## Task details
Please return only the lines from the one holding "It says: 'This" through the one holding "The products of", exactly as they appear in the records below, both ends included.
BEGIN Provided entries
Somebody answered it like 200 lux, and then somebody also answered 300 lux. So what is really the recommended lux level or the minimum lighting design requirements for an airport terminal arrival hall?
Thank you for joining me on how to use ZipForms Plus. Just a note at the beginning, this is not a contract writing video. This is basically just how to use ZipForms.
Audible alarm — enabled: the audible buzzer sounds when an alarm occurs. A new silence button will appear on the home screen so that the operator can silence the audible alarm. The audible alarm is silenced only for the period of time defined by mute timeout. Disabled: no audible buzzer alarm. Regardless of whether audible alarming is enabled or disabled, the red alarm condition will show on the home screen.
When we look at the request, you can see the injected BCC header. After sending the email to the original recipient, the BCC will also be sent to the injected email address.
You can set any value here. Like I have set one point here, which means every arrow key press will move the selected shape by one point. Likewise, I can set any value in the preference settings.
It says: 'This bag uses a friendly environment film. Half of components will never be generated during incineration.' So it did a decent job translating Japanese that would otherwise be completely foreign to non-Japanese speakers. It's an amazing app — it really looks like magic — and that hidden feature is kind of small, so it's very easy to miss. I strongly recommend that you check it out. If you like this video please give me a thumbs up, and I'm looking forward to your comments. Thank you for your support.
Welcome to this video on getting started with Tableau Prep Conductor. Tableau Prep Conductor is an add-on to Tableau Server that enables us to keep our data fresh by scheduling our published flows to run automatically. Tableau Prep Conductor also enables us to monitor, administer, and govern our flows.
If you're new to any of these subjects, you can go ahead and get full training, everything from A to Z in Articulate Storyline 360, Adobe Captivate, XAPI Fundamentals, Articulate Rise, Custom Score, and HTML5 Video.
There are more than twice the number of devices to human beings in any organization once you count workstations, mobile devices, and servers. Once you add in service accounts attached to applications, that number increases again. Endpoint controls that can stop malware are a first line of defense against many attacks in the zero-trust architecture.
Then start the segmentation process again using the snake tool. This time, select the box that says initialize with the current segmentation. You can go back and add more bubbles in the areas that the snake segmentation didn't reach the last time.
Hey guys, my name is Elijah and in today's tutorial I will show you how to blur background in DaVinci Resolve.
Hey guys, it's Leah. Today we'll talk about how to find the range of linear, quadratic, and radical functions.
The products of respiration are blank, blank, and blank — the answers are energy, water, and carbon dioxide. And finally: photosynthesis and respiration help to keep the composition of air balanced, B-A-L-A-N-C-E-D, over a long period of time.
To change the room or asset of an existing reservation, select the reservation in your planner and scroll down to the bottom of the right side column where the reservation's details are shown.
END Provided entries
## Answer below
It says: 'This bag uses a friendly environment film. Half of components will never be generated during incineration.' So it did a decent job translating Japanese that would otherwise be completely foreign to non-Japanese speakers. It's an amazing app — it really looks like magic — and that hidden feature is kind of small, so it's very easy to miss. I strongly recommend that you check it out. If you like this video please give me a thumbs up, and I'm looking forward to your comments. Thank you for your support.
Welcome to this video on getting started with Tableau Prep Conductor. Tableau Prep Conductor is an add-on to Tableau Server that enables us to keep our data fresh by scheduling our published flows to run automatically. Tableau Prep Conductor also enables us to monitor, administer, and govern our flows.
If you're new to any of these subjects, you can go ahead and get full training, everything from A to Z in Articulate Storyline 360, Adobe Captivate, XAPI Fundamentals, Articulate Rise, Custom Score, and HTML5 Video.
There are more than twice the number of devices to human beings in any organization once you count workstations, mobile devices, and servers. Once you add in service accounts attached to applications, that number increases again. Endpoint controls that can stop malware are a first line of defense against many attacks in the zero-trust architecture.
Then start the segmentation process again using the snake tool. This time, select the box that says initialize with the current segmentation. You can go back and add more bubbles in the areas that the snake segmentation didn't reach the last time.
Hey guys, my name is Elijah and in today's tutorial I will show you how to blur background in DaVinci Resolve.
Hey guys, it's Leah. Today we'll talk about how to find the range of linear, quadratic, and radical functions.
The products of respiration are blank, blank, and blank — the answers are energy, water, and carbon dioxide. And finally: photosynthesis and respiration help to keep the composition of air balanced, B-A-L-A-N-C-E-D, over a long period of time.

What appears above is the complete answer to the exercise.